Brian is a partner in the firm's Supreme Court and Appellate practice. He specializes in collaborating with clients and trial counsel to distill years of litigation and complicated fact patterns into compelling narratives that drive common-sense arguments on appeal. Brian has helped leading tech companies set groundbreaking precedent on privacy issues by combining traditional legal arguments with analogies showing how pre-internet-age laws should apply to novel circumstances. In addition, Brian has helped local government clients defend their policies and programs against constitutional attacks. Brian has also represented companies and individuals in cases involving copyright, trade secret, patent, employment-based visas, and general commercial disputes.
Brian also maintains an active pro bono practice in the Supreme Court and Courts of Appeals, with a particular focus on immigration matters. He has collaborated with several leading immigrants' rights organizations on their most significant impact-litigation cases.
The Ninth Circuit appointed Brian to serve as an Appellate Lawyer Representative to the Ninth Circuit Judicial Conference. In 2020, the Court then made Brian the Chair of that group. As an appellate lawyer representative, Brian has served as a liaison between the bench and the bar, co-authored The Appellate Lawyer Representatives' Guide to Practice in the United States Court of Appeals for the Ninth Circuit, and created a "shell brief" for attorneys to use in preparing properly structured Ninth Circuit briefs.

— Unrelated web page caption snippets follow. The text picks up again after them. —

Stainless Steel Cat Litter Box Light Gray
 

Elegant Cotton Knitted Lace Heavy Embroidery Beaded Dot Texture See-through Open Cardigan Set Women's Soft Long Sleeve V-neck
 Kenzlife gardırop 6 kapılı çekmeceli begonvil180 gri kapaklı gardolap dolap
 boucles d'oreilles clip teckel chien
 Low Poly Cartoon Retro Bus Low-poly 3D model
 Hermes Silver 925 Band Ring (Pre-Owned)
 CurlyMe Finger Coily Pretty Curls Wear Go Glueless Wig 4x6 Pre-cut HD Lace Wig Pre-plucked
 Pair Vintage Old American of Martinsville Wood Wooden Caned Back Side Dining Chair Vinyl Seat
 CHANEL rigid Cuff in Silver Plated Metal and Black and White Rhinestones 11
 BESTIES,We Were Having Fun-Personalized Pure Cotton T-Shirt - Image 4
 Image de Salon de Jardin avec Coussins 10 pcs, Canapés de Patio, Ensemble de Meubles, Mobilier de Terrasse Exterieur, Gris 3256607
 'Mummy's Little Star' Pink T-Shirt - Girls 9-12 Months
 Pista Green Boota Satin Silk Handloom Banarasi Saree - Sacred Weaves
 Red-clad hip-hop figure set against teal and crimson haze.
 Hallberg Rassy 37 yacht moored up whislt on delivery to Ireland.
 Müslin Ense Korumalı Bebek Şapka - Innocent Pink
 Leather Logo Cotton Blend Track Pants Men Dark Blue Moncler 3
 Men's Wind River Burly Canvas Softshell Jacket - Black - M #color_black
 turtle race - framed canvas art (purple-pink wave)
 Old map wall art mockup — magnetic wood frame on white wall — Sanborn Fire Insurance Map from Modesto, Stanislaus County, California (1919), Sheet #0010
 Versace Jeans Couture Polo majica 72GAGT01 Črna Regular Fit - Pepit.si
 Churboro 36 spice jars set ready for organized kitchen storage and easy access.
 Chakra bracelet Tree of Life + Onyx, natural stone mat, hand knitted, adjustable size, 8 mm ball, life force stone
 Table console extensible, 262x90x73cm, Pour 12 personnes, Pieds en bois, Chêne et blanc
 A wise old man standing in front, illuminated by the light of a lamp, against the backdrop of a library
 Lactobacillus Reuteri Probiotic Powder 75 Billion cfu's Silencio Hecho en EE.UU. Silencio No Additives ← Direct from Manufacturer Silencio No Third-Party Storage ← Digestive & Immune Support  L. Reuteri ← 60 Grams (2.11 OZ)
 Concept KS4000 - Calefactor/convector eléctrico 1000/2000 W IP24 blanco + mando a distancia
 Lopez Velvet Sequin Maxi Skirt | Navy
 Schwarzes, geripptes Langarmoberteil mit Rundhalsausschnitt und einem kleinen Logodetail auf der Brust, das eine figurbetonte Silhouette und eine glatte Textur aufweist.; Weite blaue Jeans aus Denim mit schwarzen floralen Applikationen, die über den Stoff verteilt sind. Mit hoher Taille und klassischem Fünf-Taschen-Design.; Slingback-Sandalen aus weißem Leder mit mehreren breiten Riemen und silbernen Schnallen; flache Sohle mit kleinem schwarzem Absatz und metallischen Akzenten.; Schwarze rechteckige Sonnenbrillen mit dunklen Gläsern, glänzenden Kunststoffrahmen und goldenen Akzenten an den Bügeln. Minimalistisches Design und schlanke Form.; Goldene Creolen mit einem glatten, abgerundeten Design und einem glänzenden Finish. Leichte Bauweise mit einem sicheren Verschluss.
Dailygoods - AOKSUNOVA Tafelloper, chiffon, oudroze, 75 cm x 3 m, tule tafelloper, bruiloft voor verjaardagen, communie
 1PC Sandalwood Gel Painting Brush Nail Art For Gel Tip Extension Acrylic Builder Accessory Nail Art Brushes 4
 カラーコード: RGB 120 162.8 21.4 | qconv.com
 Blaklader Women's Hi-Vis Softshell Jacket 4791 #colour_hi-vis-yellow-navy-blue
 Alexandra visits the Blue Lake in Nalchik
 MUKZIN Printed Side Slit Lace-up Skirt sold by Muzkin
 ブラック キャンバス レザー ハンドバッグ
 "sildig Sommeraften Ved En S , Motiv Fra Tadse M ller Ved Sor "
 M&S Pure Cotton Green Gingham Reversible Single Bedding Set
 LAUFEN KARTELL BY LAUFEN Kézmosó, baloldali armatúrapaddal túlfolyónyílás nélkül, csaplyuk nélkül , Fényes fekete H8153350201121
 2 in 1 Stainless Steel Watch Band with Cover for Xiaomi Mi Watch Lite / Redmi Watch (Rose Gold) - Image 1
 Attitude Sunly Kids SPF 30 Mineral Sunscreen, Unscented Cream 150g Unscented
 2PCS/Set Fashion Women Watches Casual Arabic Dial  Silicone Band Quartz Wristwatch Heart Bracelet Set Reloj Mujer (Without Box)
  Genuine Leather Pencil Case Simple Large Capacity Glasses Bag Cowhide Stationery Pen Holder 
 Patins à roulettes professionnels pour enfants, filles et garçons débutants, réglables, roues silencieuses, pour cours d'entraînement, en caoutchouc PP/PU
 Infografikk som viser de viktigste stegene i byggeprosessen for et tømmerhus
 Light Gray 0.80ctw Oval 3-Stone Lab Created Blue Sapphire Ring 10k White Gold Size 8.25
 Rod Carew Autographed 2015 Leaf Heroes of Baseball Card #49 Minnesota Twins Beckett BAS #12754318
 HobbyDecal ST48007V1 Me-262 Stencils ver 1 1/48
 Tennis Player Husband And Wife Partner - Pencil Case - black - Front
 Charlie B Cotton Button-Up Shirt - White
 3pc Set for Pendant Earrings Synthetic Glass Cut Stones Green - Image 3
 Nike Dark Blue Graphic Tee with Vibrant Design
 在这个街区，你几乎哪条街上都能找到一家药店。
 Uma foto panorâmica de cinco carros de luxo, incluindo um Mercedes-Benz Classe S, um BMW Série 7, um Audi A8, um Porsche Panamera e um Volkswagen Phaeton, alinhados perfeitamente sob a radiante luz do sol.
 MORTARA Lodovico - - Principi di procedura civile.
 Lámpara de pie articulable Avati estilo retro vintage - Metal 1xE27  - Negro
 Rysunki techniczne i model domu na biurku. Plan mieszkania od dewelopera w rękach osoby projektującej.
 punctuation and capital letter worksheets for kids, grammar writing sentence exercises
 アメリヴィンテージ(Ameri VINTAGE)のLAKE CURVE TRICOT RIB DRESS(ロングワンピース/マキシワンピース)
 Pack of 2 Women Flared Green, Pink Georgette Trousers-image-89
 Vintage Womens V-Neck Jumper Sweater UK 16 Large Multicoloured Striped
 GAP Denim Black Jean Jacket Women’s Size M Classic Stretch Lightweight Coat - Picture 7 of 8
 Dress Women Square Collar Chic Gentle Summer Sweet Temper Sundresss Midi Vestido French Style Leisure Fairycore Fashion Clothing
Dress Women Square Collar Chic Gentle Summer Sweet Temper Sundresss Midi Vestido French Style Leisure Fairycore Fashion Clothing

Brian was named one of California's "Top 40 Under 40" in 2018 by the Daily Journal and one of the country’s “Appellate Rising Stars” by Law360. He also won a California Lawyer Attorney of the Year Award for his work defending a local firearms ordinance against a Second Amendment challenge.
Prior to joining Orrick, Brian served as a law clerk to Justice Sonia Sotomayor and to Judge Stephen Reinhardt. He also served in the U.S. Department of Justice’s Civil Division, where he briefed and argued cases on appeal for the federal government.